Even when the ACC deal reaches the $17.1 million payout, the Big 12 contract is believed to be worth as much as $2.9 million more annually for its schools. According to various media reports, the conference is expected to sign a renegotiated contract in the near future.
"At least half of the emails I'm getting are saying that this $2.9 million is too much to give up," Barron said. "This was my attempt to explain that there are a lot of factors to consider. You have to realize all the travel costs that would come in the Big 12. We don't have to fly to every game now in the ACC. We would have to in the Big 12. With the costs there, it may not be as big an advantage as others might think."
In his emails, Barron also listed other factors he wanted stakeholders to consider, including an exit fee from the ACC that he said would be "between $20M and $25M."
"We have no idea where that money would come from," Barron wrote. "It would have to come from the Boosters which currently are unable to support our current University athletic budget, hence the 2% cut in that budget."
Barron said he was forced to amend his original email response, which he said he cut-and-pasted to various recipients and tried to add personalized messages at the bottom. His early versions contained fact errors about the Big 12's payoff structure and the methods of travel for various FSU teams to ACC games.

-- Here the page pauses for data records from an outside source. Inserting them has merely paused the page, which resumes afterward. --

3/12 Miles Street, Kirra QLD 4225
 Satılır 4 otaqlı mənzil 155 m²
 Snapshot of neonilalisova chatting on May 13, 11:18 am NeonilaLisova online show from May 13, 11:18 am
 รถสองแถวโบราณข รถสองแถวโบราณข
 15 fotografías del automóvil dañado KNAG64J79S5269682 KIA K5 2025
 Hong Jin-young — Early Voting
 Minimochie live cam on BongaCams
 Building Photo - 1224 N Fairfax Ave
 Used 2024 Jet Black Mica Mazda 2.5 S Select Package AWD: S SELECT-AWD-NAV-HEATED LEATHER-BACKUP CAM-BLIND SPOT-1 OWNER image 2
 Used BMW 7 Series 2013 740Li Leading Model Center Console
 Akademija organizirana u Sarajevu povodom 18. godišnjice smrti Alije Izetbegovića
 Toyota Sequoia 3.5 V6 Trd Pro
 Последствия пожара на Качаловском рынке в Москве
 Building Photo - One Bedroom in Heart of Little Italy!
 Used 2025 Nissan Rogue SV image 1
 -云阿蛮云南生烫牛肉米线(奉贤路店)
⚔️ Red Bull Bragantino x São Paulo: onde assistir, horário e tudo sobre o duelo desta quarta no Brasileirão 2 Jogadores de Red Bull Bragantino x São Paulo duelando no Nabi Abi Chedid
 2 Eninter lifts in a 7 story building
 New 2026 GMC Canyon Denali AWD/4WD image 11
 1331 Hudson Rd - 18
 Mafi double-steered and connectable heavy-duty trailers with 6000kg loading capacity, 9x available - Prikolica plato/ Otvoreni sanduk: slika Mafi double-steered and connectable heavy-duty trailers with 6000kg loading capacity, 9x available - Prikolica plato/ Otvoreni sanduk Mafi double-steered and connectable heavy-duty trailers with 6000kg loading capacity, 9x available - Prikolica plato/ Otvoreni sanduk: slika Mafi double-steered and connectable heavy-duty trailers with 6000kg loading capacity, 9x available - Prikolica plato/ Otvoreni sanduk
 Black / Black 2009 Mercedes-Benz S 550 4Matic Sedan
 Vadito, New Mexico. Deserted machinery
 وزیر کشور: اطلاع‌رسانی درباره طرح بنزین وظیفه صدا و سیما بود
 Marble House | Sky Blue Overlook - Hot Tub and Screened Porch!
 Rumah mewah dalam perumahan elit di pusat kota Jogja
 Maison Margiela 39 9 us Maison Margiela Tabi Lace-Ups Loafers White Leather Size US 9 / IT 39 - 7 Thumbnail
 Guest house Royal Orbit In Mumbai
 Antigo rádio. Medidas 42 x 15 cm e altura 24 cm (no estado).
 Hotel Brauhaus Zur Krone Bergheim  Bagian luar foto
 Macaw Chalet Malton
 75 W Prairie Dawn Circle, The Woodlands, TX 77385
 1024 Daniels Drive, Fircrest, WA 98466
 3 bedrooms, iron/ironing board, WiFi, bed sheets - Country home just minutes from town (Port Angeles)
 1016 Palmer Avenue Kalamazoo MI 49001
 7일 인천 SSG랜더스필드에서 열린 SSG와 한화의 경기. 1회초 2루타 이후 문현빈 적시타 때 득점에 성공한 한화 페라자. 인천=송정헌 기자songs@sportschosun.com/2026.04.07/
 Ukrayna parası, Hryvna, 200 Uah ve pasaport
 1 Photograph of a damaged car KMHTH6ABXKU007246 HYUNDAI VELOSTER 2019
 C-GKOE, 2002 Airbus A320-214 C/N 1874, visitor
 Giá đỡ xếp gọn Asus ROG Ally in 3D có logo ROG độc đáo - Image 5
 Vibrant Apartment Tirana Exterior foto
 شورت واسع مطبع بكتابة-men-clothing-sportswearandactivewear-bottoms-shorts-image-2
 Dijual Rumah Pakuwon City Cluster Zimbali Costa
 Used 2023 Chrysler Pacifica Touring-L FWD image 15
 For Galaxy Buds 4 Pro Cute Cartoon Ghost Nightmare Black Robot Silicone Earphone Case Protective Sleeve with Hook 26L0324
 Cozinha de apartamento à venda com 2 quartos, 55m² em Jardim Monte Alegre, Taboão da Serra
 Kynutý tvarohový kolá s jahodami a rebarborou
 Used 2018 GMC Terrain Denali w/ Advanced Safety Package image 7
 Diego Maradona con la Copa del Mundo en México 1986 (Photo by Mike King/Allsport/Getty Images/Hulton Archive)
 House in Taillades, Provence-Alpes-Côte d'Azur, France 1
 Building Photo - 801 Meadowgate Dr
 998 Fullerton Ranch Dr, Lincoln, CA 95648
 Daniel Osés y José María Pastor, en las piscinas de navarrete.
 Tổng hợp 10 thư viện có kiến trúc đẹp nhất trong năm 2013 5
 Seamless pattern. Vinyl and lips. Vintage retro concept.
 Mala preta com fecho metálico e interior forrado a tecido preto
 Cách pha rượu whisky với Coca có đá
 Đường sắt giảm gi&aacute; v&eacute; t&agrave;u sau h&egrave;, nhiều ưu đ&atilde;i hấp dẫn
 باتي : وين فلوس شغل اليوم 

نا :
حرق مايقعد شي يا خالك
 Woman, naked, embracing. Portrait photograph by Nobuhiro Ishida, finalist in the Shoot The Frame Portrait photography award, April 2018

"After about the 10th email, I corrected that," Barron said.
But Barron also said he was surprised to hear that people think he has now made up his mind on FSU's conference affiliation.
"I have no idea what the next few weeks or even days will bring," Barron said. "I know I have alumni irritated because they think I made up my mind. What I am trying to say is this is not some simple thing.
"It's amazing how many people will say to me, 'You don't understand. If you go to the Big 12, Clemson will go with you and so will Miami and you can play them.'
"How do you know that? How can you say that? This is quite complicated. I have no idea how people will react to what I said, but I'm just trying to get the facts out there."
Barron also said that he believes FSU has done the proper due diligence should any major conference be willing to discuss a possible move.
Though he wouldn't pinpoint an exact time when the research was done, he said he felt comfortable last summer when rumors circulated about FSU possibly joining the SEC that his staff was prepped in case the league contacted him.
"There is no way that the university wouldn't at least do its homework," Barron said. "That wouldn't make sense otherwise. But that happened last year and I didn't believe there was any truth to the rumors then. And I don't believe there is any truth to these rumors now.
"It would have been strange for us not to think about it. To do a study and issue a report? No. But of course you think about it."